13. ONE OF HIS NUDES EARNED HIM SOME NOTORIETY.

Gwen's River City Images via Flickr // CC BY-NC-ND 2.0

One of the most famous of Benton’s paintings is Persephone, a depiction of a naked woman lounging on a river bank while an elderly man peeps around the tree. The subject matter is taken from the Greek myth of how the goddess Persephone was abducted by Hades, but the setting in the painting is rural America with the craggy farmer taking the place of the god of the underworld. One art historian called the painting “one of the great works of American pornography.” The painting was considered so scandalous by the Kansas City Art Institute that it was one of the reasons Benton lost his job there, but Broadway impresario Billy Rose liked it and borrowed it to display in his famous New York nightclub, the Diamond Horseshoe. It is now part of Kansas City's Nelson-Atkins Museum's permanent collection.

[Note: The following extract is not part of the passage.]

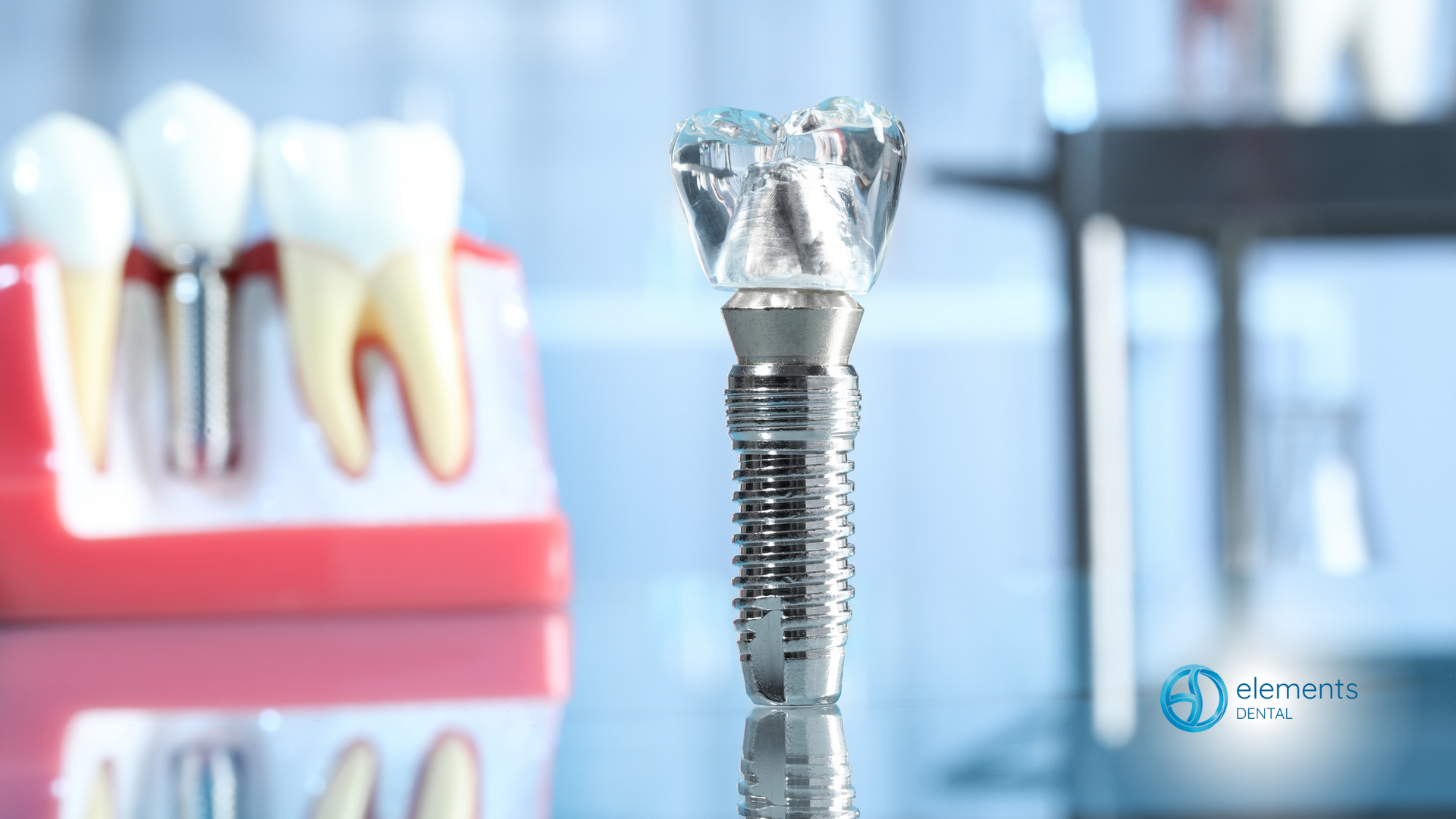 A dental implant is sitting in front of a model of teeth.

14. BENTON’S POLITICS WERE PRETTY FLUID, AND NEVER FULLY DECIPHERED.

Many discussions of Benton use the word “pugnacious” to describe him. Benton was outspoken about his views on art and many other topics. He was widely known for issuing some very homophobic views about art critics and the art world. But Benton used his art to showcase the evils of racism and of fascism in the years leading up to World War II. The art world generally saw his folksy, rural, and realistic style as a reactionary response to most modern art movements. Then again, Benton did not care for most of the art styles of the 20th century. He declared himself to be an enemy of modernism in the 1920s.

15. KEN BURNS MADE A DOCUMENTARY ABOUT BENTON.

It often seems that one way to determine the importance of someone in American history or culture is whether he or she is the subject of a Ken Burns documentary. Benton qualifies, and his Burns doc aired on PBS in 1989.